Miley Cyrus released her new single titled ‘Flowers’ the other day. While we rave about its musicality and all the records it broke, what that song inspired me to look at, was the way people love and feel loved.
I was talking to my best friend about
how singleness can really get to people in their 20s. And I said, “I want to be
loved the way I love people”. Cue this song, and it hit me...I have never
gotten flowers! Yes, I can buy myself flowers, but what does it feel like to receive
flowers? I really don’t know.
This realization that I may have never received love the way
I wanted to be loved (especially in romantic relationships) made me think about
this fundamental question ‘What makes us feel loved?’
In my attempt to understand what makes me feel the most
loved and validated, I thought of an idea that might help you, if you are
someone like me, looking for love or in love.

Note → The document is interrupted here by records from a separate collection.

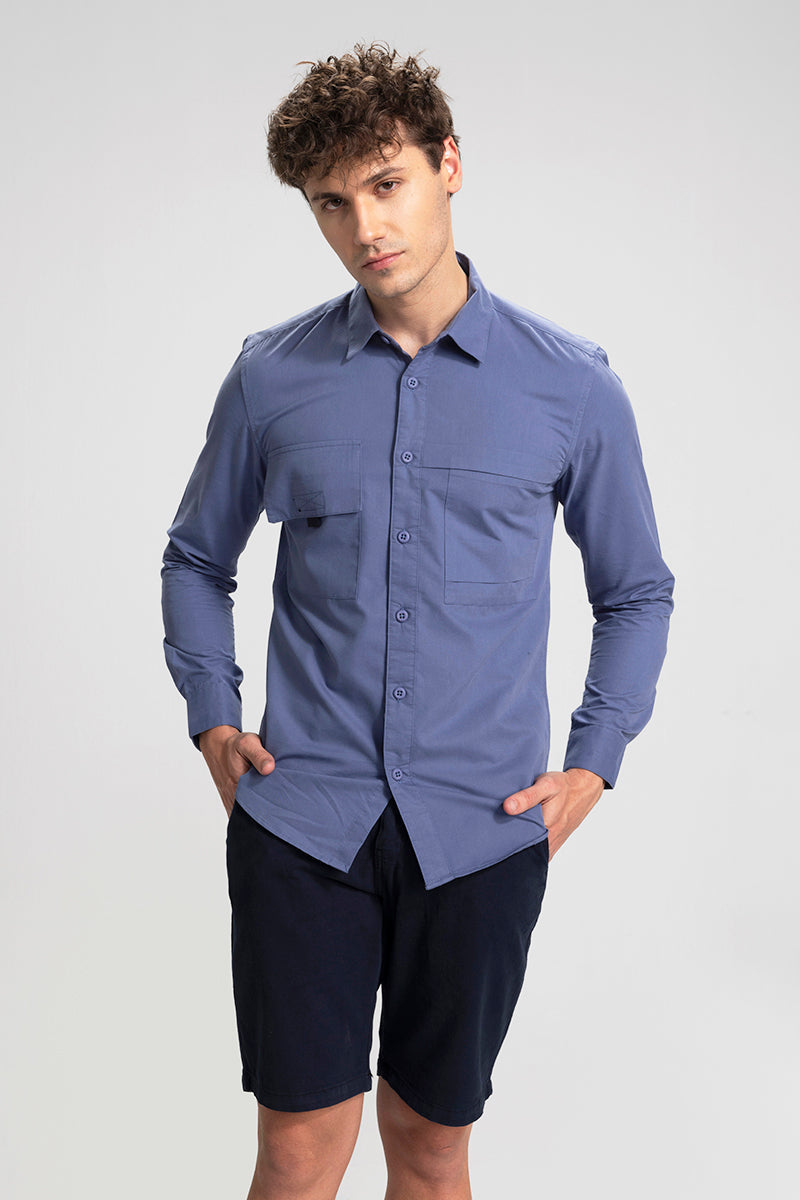 Double Patch Pocket Blue Shirt | Relove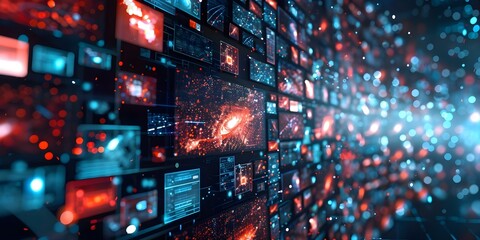 Montage of screens showing various digital media in a tech setting. Concept Tech Office, Digital Screens, Media Montage, Technology Showcase, Modern Workspace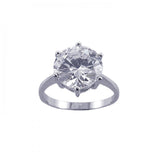 .925 Sterling Silver Rhodium Plated Large Center Cz Solitaire Ring, <b>size: 5</b>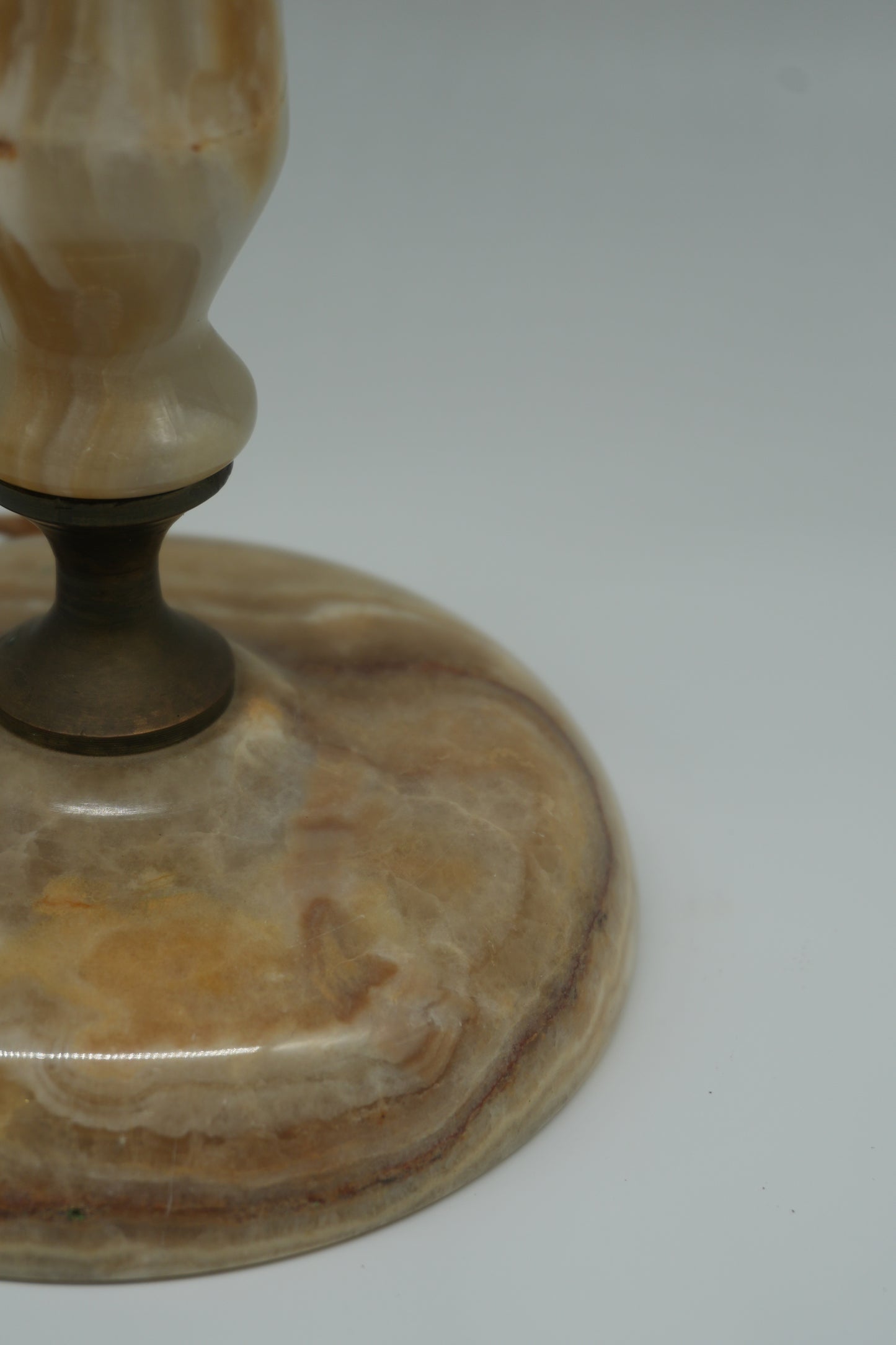 Vintage Onyx Table Lamp with Pierced Metal Shade – Moorish Revival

Let’s go the good-old route, shall we?
Step 1: Read
I have spoken about the five love languages by Gary Chapman on
my blog before. If you haven’t read that yet, here’s a link to that.
In summation, the theory speaks extensively about the various
forms of displays of love that work for us. While it doesn’t speak of the
specifics, I believe it is a good starting point for anyone navigating the roads of self-discovery of love and companionship. Once we
understand what works in general, we can move to the specifics.
Step 2: Reflect
Do you have a journal, a piece of paper, a pen or your notes
app? Take it out…get to a quiet place where you can hear yourself think and try
answering these questions –
Ps. If you do not like to write, you can
always record a voice note and play it back for yourself to listen and reflect.
a)
Describe a moment/incident in your life where
you felt the most loved
Try going into as much detail as possible. The setting, the
person, your relationship with them, your mood that day, what it became after
the incident, why you still remember that incident…get it all out.
b)
List out the ways in which you like to show love
to your loved ones
Think of specific acts you have done, words you say, and habits you follow that make your loved ones feel loved.
c)
Pick out items from the list which you would
want to be reciprocated in your life
You can add an additional element to this by listing whom you would like to engage in these activities – are they your family, friends, partner or all of them? How frequently and in what moods/situations
would you want the items in this list to happen to you?
d)
Pick out items from the list that someone has done
for you
At this stage, if you notice a huge gap between what you do,
what you want and what you get in terms of expressions of love, that’s a sign
for you to know that there has been a tremendous communication gap. And this is
where the most crucial step of it all comes in.
Step 3: Communicate
We usually tend to love the way we want to love without thinking about what the other person wants from us. In a similar vein,
often times we are loved the way others think we want to be loved, not
necessarily how we want to be.
And now that we have this list of “What makes me feel
loved? – When, How and By Whom – A friendly guide for my loved ones”, ready to
go, it is the time for us to communicate. To tell our loved one’s that hey,
while I appreciate the things you do and say to show you care, these are the things you
can do to make me feel cared for.
Knowing what makes the love bug in us tick can lay strong
foundations in new relationships and strengthen established ones.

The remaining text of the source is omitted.